----- Data to process -----

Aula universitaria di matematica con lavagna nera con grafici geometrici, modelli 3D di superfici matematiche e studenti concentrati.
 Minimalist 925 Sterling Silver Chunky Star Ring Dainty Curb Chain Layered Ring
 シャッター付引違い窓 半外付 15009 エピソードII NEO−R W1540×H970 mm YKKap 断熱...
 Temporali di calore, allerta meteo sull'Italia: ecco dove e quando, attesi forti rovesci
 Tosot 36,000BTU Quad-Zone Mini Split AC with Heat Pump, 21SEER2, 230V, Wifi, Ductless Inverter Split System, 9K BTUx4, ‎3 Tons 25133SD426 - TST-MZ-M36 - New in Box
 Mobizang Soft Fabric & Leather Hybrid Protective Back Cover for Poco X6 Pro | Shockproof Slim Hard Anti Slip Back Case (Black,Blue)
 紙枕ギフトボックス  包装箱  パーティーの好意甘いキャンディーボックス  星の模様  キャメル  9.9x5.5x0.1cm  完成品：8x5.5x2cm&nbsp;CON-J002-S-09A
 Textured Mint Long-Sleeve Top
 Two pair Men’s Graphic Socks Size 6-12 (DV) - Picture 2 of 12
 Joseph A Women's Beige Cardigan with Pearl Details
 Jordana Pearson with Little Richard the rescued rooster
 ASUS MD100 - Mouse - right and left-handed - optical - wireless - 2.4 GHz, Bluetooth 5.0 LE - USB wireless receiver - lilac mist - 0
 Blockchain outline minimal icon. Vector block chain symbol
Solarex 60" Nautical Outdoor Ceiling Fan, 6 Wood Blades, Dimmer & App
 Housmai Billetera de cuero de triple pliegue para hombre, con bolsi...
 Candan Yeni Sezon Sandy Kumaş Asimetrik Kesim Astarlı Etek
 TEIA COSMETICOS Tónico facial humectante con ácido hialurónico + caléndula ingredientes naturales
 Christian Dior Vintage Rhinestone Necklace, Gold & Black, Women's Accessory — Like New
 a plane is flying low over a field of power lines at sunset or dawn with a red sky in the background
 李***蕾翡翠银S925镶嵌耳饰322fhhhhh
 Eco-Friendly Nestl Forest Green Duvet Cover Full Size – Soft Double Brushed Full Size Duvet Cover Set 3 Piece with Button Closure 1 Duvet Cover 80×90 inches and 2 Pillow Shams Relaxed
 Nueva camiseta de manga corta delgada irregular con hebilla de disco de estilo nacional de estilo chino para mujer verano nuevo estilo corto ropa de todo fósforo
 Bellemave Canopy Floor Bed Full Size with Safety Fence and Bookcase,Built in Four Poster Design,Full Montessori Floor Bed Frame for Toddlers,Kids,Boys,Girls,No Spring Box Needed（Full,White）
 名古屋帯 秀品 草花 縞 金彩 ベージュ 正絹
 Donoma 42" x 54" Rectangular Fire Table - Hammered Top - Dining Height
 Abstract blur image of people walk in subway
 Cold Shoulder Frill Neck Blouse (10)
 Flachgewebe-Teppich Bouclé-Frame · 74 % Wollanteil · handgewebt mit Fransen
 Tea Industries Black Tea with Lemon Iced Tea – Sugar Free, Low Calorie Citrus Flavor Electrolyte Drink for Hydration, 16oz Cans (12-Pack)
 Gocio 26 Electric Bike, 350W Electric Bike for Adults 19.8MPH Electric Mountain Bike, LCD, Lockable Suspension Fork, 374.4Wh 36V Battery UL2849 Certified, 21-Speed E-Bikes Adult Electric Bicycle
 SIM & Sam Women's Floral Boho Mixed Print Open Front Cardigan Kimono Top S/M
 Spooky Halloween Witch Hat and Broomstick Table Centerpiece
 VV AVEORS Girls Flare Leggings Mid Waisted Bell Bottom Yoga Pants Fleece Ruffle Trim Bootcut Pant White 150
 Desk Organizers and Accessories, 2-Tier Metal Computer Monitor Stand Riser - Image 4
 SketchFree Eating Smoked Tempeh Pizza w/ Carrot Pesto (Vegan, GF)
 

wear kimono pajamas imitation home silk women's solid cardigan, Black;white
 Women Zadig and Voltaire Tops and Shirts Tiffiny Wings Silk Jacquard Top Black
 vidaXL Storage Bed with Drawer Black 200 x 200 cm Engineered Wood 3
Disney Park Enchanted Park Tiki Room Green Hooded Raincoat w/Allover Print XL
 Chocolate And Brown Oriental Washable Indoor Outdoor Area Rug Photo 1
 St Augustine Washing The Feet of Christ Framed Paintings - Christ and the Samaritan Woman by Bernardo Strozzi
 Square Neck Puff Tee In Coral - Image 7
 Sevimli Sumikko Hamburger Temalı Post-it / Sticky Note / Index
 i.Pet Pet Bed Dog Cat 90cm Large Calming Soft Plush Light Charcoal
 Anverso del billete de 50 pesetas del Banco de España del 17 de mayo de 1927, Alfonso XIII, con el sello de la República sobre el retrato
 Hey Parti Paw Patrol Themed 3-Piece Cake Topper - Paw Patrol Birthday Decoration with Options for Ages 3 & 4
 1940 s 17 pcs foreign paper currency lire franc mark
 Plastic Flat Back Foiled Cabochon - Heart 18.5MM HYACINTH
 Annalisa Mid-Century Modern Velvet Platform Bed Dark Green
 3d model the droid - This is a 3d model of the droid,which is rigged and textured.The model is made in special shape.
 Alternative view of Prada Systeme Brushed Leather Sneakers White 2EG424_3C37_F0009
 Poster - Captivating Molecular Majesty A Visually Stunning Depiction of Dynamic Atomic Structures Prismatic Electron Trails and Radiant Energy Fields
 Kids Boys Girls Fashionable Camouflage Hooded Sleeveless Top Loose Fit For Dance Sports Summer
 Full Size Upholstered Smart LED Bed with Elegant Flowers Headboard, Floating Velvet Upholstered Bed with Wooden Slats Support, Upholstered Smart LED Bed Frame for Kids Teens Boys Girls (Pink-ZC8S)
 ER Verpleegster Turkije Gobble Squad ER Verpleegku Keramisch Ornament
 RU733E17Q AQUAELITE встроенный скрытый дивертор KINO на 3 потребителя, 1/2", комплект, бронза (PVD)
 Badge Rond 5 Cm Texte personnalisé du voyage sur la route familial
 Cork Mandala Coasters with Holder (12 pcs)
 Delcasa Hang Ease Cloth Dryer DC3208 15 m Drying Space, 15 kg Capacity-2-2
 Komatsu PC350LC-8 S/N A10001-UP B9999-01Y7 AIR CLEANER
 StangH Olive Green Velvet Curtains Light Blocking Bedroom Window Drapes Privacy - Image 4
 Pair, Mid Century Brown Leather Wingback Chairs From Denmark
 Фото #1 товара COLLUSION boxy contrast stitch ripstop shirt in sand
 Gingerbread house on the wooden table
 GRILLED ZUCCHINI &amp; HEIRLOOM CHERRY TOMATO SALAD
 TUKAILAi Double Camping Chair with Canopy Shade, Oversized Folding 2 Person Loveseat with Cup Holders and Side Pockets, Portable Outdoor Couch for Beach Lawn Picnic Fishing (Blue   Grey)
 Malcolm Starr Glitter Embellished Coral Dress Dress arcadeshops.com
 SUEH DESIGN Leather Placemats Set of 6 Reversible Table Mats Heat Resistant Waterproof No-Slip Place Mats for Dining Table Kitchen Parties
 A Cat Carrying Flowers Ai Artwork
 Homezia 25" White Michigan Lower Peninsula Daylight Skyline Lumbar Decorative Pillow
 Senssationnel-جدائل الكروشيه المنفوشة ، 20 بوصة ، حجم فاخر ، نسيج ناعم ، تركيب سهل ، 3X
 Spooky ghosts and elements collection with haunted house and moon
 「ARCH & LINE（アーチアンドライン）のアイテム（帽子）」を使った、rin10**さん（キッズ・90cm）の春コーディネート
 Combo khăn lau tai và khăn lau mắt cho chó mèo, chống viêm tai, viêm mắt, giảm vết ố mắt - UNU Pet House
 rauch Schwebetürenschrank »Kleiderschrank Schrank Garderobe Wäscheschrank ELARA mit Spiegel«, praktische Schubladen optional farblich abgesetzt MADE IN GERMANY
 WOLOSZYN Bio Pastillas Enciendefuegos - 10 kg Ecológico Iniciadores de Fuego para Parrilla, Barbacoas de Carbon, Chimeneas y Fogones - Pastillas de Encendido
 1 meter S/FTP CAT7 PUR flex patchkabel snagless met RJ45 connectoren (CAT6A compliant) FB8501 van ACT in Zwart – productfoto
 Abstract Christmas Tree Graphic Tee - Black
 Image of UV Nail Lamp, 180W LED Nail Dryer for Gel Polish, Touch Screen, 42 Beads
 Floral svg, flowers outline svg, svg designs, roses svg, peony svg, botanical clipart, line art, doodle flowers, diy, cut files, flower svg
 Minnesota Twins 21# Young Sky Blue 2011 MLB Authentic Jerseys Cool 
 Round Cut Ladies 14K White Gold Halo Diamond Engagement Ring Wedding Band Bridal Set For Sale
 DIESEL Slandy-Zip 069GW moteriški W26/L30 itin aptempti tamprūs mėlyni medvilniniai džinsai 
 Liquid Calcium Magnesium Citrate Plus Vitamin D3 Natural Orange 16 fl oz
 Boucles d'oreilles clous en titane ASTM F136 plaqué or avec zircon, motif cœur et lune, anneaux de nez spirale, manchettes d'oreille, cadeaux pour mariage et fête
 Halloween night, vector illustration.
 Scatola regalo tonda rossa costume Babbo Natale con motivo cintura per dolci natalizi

-----

Assigned task: As the answer, set down only the lines from the data above between the one holding "シャッター付引違い窓 半外付 15009" and the one holding "李***蕾翡翠银S925镶嵌耳饰322fhhhhh", inclusive, exactly as they read.

Your solution:
 シャッター付引違い窓 半外付 15009 エピソードII NEO−R W1540×H970 mm YKKap 断熱...
 Temporali di calore, allerta meteo sull'Italia: ecco dove e quando, attesi forti rovesci
 Tosot 36,000BTU Quad-Zone Mini Split AC with Heat Pump, 21SEER2, 230V, Wifi, Ductless Inverter Split System, 9K BTUx4, ‎3 Tons 25133SD426 - TST-MZ-M36 - New in Box
 Mobizang Soft Fabric & Leather Hybrid Protective Back Cover for Poco X6 Pro | Shockproof Slim Hard Anti Slip Back Case (Black,Blue)
 紙枕ギフトボックス  包装箱  パーティーの好意甘いキャンディーボックス  星の模様  キャメル  9.9x5.5x0.1cm  完成品：8x5.5x2cm&nbsp;CON-J002-S-09A
 Textured Mint Long-Sleeve Top
 Two pair Men’s Graphic Socks Size 6-12 (DV) - Picture 2 of 12
 Joseph A Women's Beige Cardigan with Pearl Details
 Jordana Pearson with Little Richard the rescued rooster
 ASUS MD100 - Mouse - right and left-handed - optical - wireless - 2.4 GHz, Bluetooth 5.0 LE - USB wireless receiver - lilac mist - 0
 Blockchain outline minimal icon. Vector block chain symbol
Solarex 60" Nautical Outdoor Ceiling Fan, 6 Wood Blades, Dimmer & App
 Housmai Billetera de cuero de triple pliegue para hombre, con bolsi...
 Candan Yeni Sezon Sandy Kumaş Asimetrik Kesim Astarlı Etek
 TEIA COSMETICOS Tónico facial humectante con ácido hialurónico + caléndula ingredientes naturales
 Christian Dior Vintage Rhinestone Necklace, Gold & Black, Women's Accessory — Like New
 a plane is flying low over a field of power lines at sunset or dawn with a red sky in the background
 李***蕾翡翠银S925镶嵌耳饰322fhhhhh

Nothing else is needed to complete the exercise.